Figure 1 shows the performance and power when the network
processor is assigned different voltage and frequency.
This is static voltage assignment, not dynamic scaling.
The same voltage and frequency are assigned to all cores.
It is easy to see that there is no obvious optimal point
for both power and performance. Dynamic voltage scaling
can better explore the irregular behavior of packet processing.
Figure 1: Performance and power with different core
frequency. Vdd is from 1.0V to 1.3V. SRAM frequency is 200MHz.

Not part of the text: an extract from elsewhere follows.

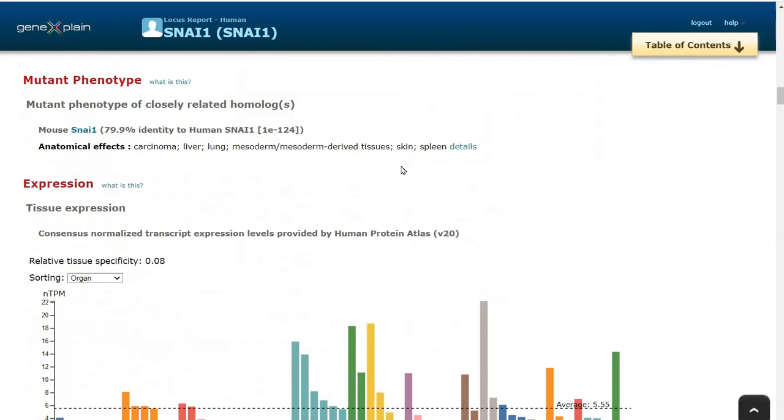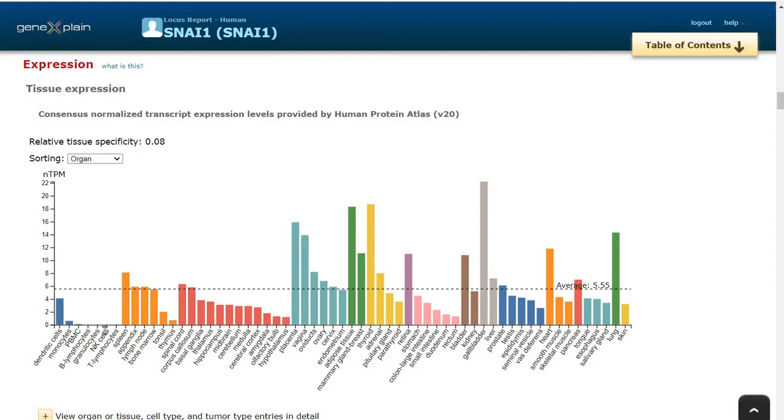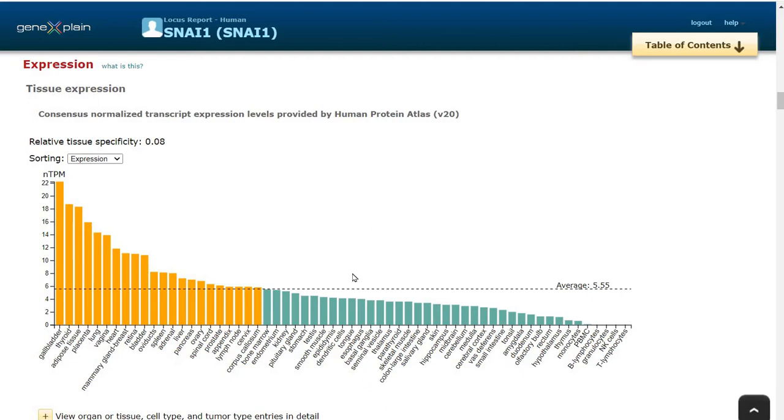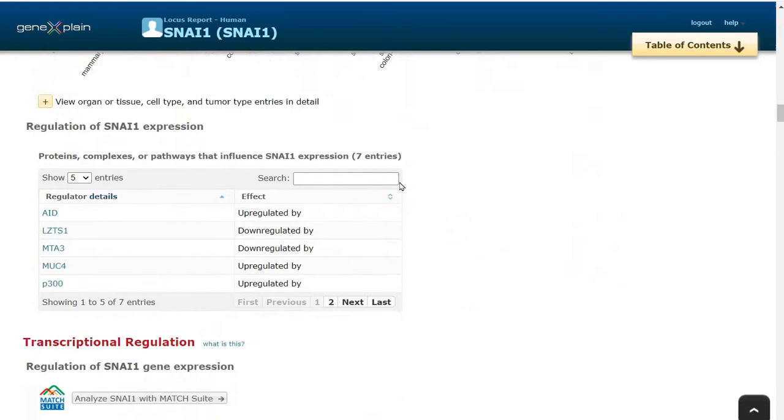For information about this gene, let's have a look at the expression features. It is shown that Snail 1 gene is expressed in several tissues. We can sort this table by expression values and see that it is highly expressed in gallbladder, thyroid, adipose tissue, and placenta. We can see that this gene is expressed below the average level in colon large intestine in normal conditions.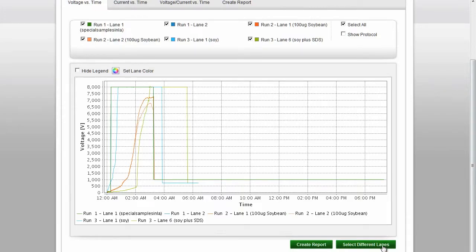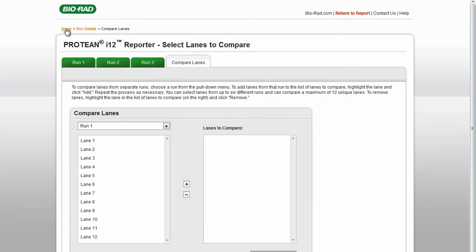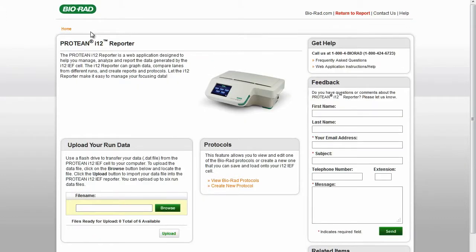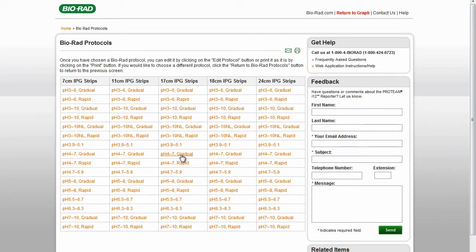Return to the Home screen to view Biorad protocols. All of the protocols for all of the ReadyStrip IPG strip lengths and pH gradients are listed. These are the same Biorad protocols as are programmed into the Protein i12 instrument. Select a protocol if you would like to print it or edit it.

SDRAM frquency is 150MHz. IXbus (bus between on-chip FIFO
and MAC) frequency is 80MHz.
For the multi-core design part, below is the outline:
1. Target architecture: chip multi-processing (CMP). We don't
consider SMT this time but definitely need to consider it for
future development.
2. Benchmark characteristics: our optimization focuses on given
sets of benchmarks. For any benchmark, we characterize two
properties by profiling: (1) instruction level parallelism: this
property indicate the amount of ILP in this benchmark. This feature
can be presented by the IPC under ideal-case simulation (wide
issue-width superscalar, ideal branch prediction, unlimited number
of functional units, ideal caches). (2) memorism. This property
indicates the main memory dependency of this benchmark, i.e. rate
of memory request of this benchmark. This feature can be presented
by L2 cache miss rate for per unit L2 cache, for example, miss
rate / KB. Here we can simulate a few L2 cache settings and use
curve fitting to obtain the miss rate / KB.
3. Problem formulation: for given benchmark set with ILP and memorism
characteristics, we try to design a CMP to maximum performance under
the area. Power constraint can be considered later.
4. Cores: we can have two kinds of core designs: (A) homogeneous cores.
In this case, we only have to decide the number of core and the
configuration of each core (with clock frequency). (B) heterogeneous
cores. In this case the configuration of cores are different. The
homogeneous design is simple but the heterogeneous design can better
match the characteristics of each individual benchmark for better performance.
5. Performance metric is throughput. No only the IPC, but also the
clock frequency should be taken into account. For benchmarks with
high ILP, we tend to design large pipeline structure with wide
issue-width and multiple functional units. For benchmarks with
high memorism, we tend to design cores with large caches and also
reduce the number of cores.
6. Exploration: we use SA to obtain the optimal solution. Each SA
solution is evaluated quickly by leveraging the analytical superscalar
model and bus model. ILP and memorism of each benchmark should be fed
into the SA. This will take some thinking and discussions.
7. Comparison: we can have three comparison. First, we can compare
the performance of our CMP to a wide issue-width superscalar which
only explore ILP. Second, we can compare to the CMP which simply
put existing cores together. Third, we can compare to the ideal case.
8. Todo: first we need to profile the benchmarks. I can work on that.
Second we need a table of all microarchitecture components. For example,
we may have different caches and different branch predictors to choose.
For each component with different configuration, we need to obtain the
area and access latency in ns. Changbo has similar data in previous
submission and can build up the table by making some changes on previous
data. We can target at 65nm technology. Third, the design of interconnect
pipeline really depends on the clock frequency, which is something
considered during our optimization. So the interconnect pipeline
should be decide on-the-fly. Fourth, we should formulize the SA
procedure. I will work with Changbo and Luke for this.